• Finnish Presidential Elections

  • By Ruurik Holm | 02 Feb 12
  • Mr. Sauli Niinistö, of the centre-right National Coalition Party, and Mr. Pekka Haavisto of the Greens, qualified for the second round in the Finnish presidential elections.

    The first-round polling, which took place on 22 January, yielded 37.0 % for Mr. Niinistö and 18.8 % for Mr. Haavisto. The third place with 17.5 % went to the EU-critical candidate Mr. Paavo Väyrynen of the Centre Party. The second and decisive round between Pekka Haavisto and Sauli Niinistö will take place on 5 February.

    The Left Alliance candidate was the party chairperson Mr. Paavo Arhinmäki, who got 5.5 % of the votes. Many Left Alliance voters backed up Pekka Haavisto in order to increase Haavisto’s chances for entering the second round.

    The president of Finland has been a Social Democrat for the past 30 years, but now the Social Democratic candidate, Mr. Paavo Lipponen, took only 6.7 % of the votes, while his party still gathered 19.1 % in the 2011 general elections. The former prime minister has been widely considered as moving the Social Democratic Party towards neo-liberalism during his reign in the 90s. Some commentators have also held that Mr. Lipponen’s age of 70 years became clearly manifest in his television appearances.

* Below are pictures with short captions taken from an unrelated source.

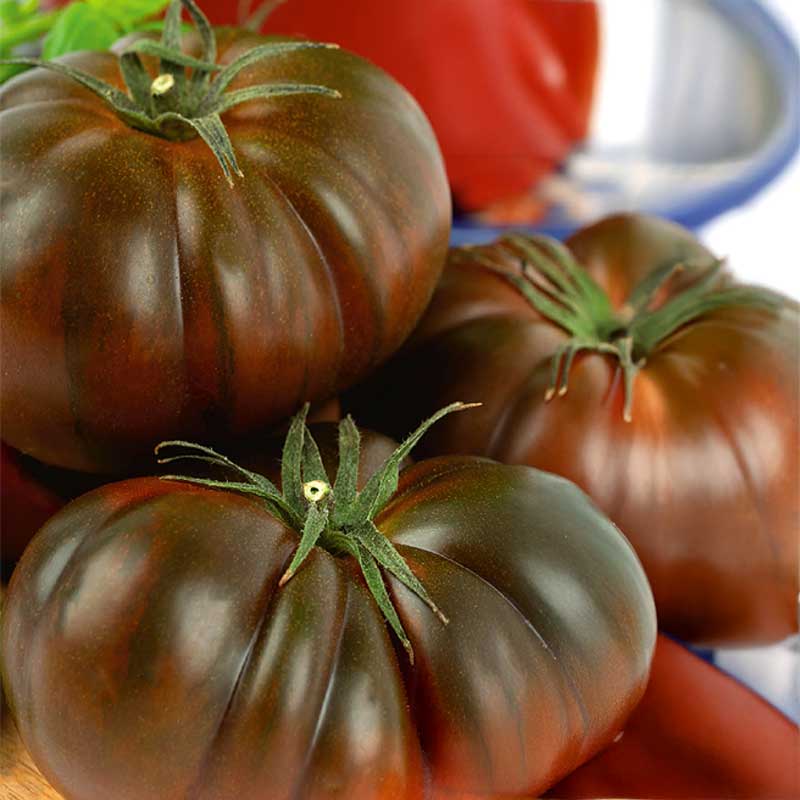 Fleischtomate 'Cherokee'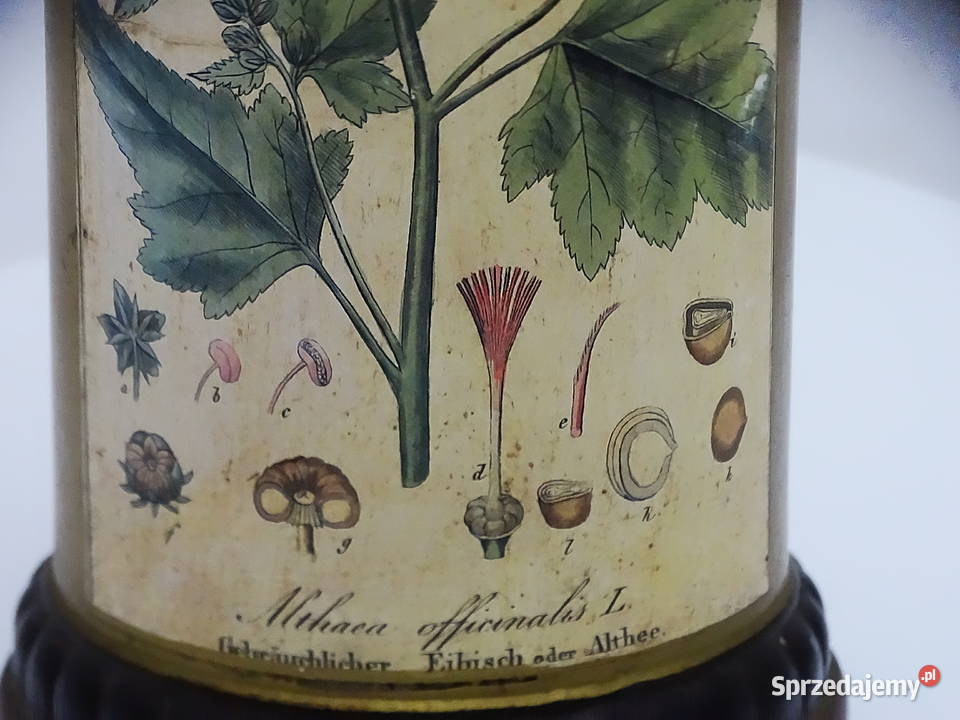 Zabytkowy pojemnik aptekarski z ilustracją Biłgoraj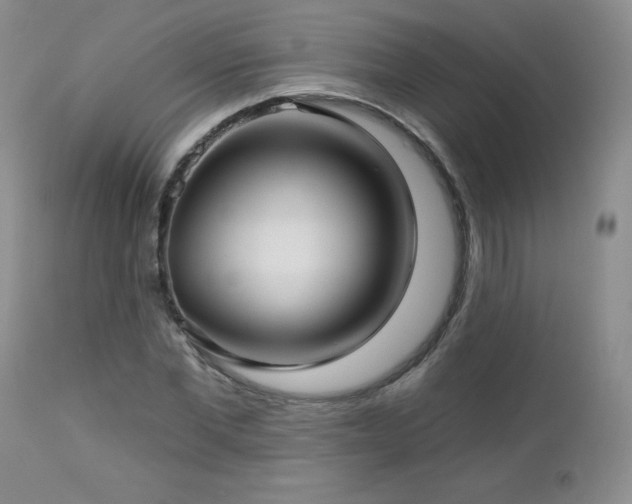 X0000113120877200908281435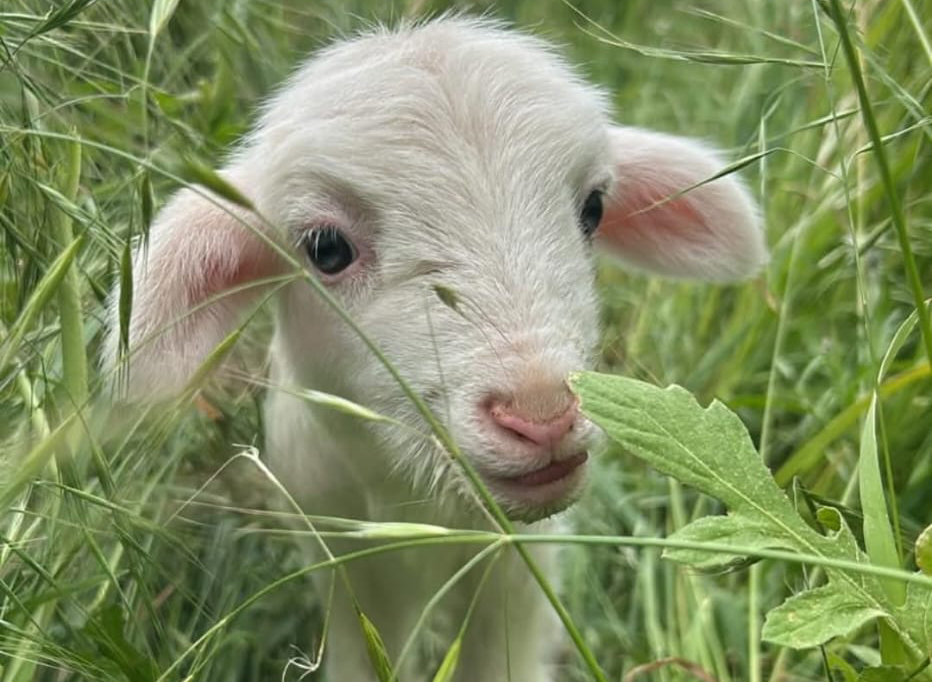 Ha nacido Dara, una nueva oveja palmera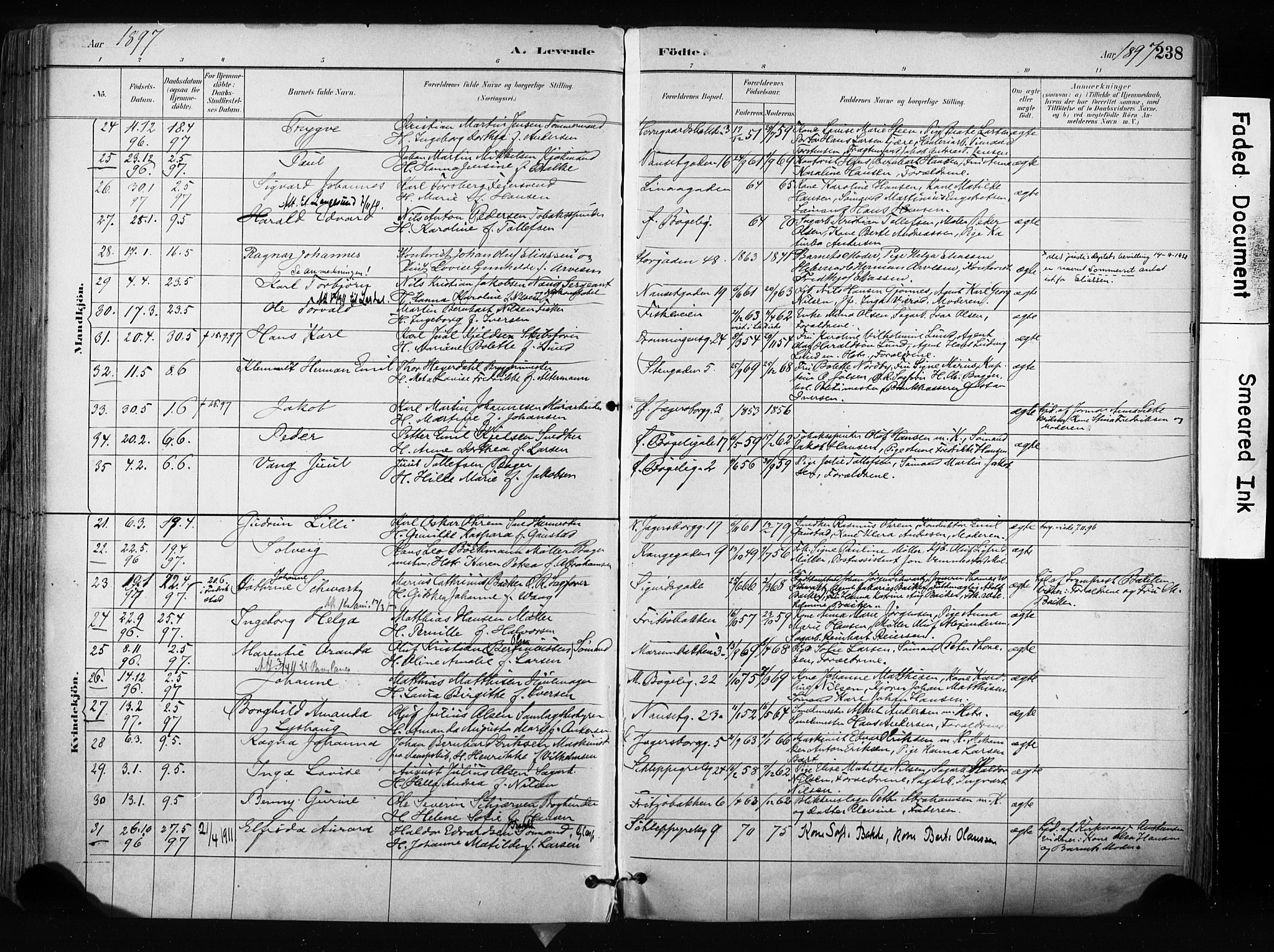 Larvik kirkebøker, AV/SAKO-A-352/F/Fa/L0009: Parish register (official) no. I 9, 1884-1904, p. 238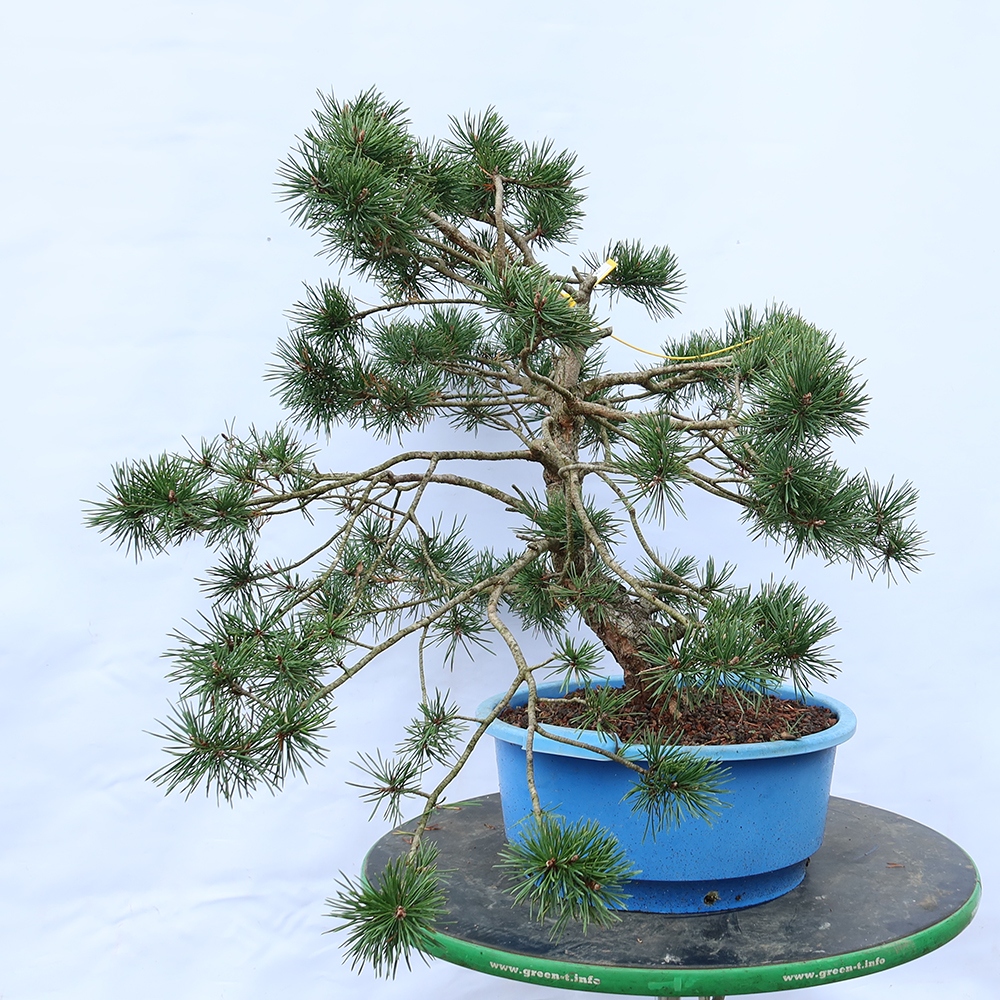 Pinus sylvestris Spanien – Waldkiefer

    The leader of the True Finns, Mr. Timo Soini, got 9.5 %, which is significantly less than the 19 % support his party got in the 2011 general elections. Probably Mr. Soini did not genuinely even want to become the president but preferred to remain as the leader of his party.

    Pekka Haavisto’s success is the most interesting feature of these elections. With his gentlemanlike behaviour and tranquillity, Haavisto is able to attract voters widely across the party political boundaries, even from the True Finns, although he is living in a relationship with an Ecuadorian man, promotes pro-EU policy and is in favour of strong internationalism.

    Since the foreign policy privileges and legislation power of the president have gradually been reduced, symbolic issues and personal characteristics may decide the final outcome, but it will be interesting to see whether there will be big political issues such as climate policy that could play a key role in distinguishing between the two candidates.